GOAL OF THE EXERCISE
Every record below should be repeated word for word, with the pictures left out.
Top of DATASET EXTRACT
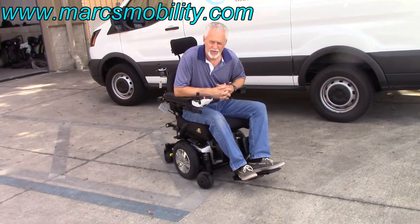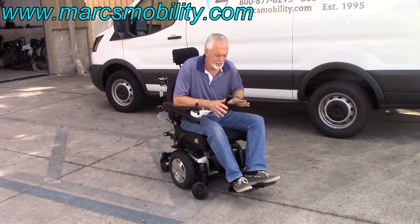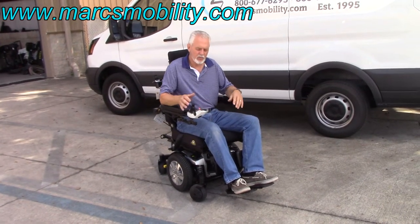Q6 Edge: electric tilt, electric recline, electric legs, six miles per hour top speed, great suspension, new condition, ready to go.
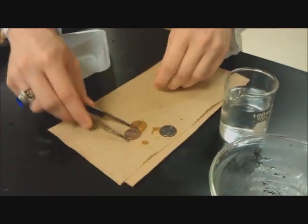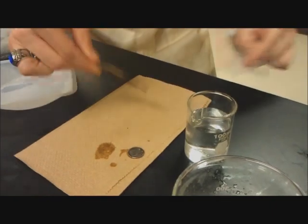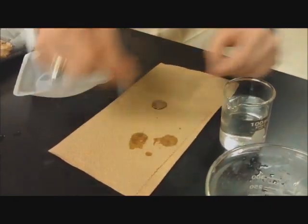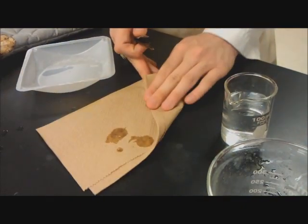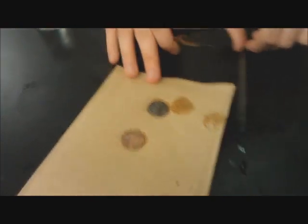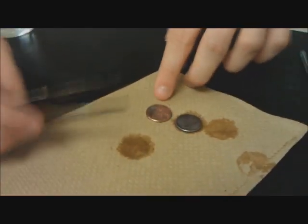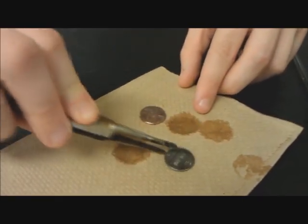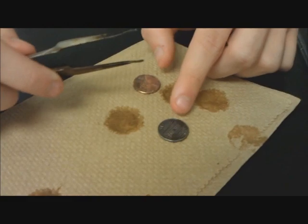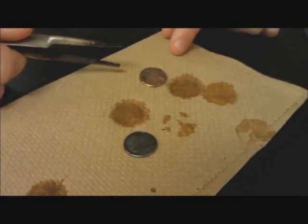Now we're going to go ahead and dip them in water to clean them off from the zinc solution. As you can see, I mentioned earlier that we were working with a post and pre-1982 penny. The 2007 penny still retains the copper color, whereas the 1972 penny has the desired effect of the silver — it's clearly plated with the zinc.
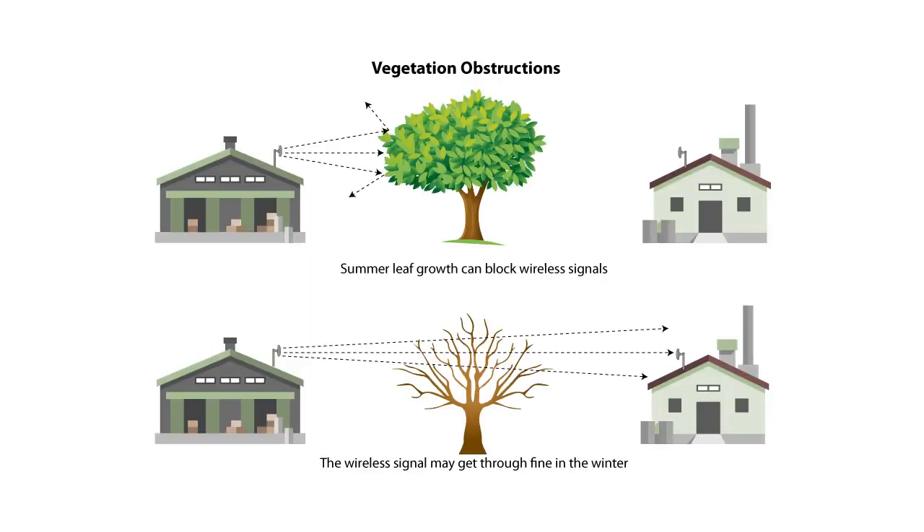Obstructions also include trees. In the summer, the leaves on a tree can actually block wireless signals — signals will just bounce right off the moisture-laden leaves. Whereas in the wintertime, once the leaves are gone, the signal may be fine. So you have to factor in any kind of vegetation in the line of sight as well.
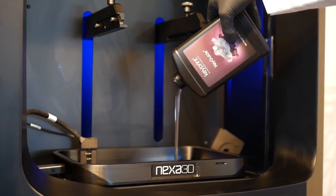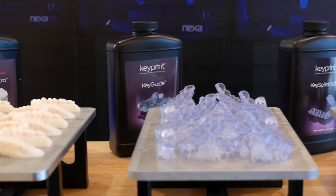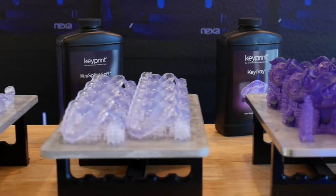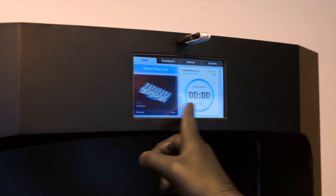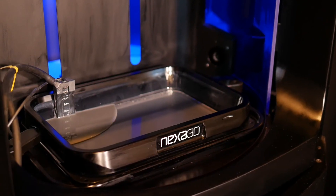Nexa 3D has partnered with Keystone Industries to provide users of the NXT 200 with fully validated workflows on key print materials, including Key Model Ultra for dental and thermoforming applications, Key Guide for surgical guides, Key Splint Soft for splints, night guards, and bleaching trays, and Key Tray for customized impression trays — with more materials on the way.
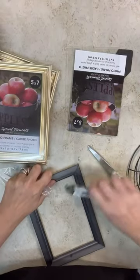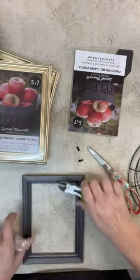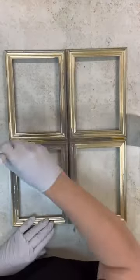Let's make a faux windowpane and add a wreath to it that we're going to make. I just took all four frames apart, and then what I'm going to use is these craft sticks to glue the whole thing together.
Bottom of DATASET EXTRACT
ANSWER BOX
Q6 Edge: electric tilt, electric recline, electric legs, six miles per hour top speed, great suspension, new condition, ready to go.
Now we're going to go ahead and dip them in water to clean them off from the zinc solution. As you can see, I mentioned earlier that we were working with a post and pre-1982 penny. The 2007 penny still retains the copper color, whereas the 1972 penny has the desired effect of the silver — it's clearly plated with the zinc.
Obstructions also include trees. In the summer, the leaves on a tree can actually block wireless signals — signals will just bounce right off the moisture-laden leaves. Whereas in the wintertime, once the leaves are gone, the signal may be fine. So you have to factor in any kind of vegetation in the line of sight as well.
Nexa 3D has partnered with Keystone Industries to provide users of the NXT 200 with fully validated workflows on key print materials, including Key Model Ultra for dental and thermoforming applications, Key Guide for surgical guides, Key Splint Soft for splints, night guards, and bleaching trays, and Key Tray for customized impression trays — with more materials on the way.
Let's make a faux windowpane and add a wreath to it that we're going to make. I just took all four frames apart, and then what I'm going to use is these craft sticks to glue the whole thing together.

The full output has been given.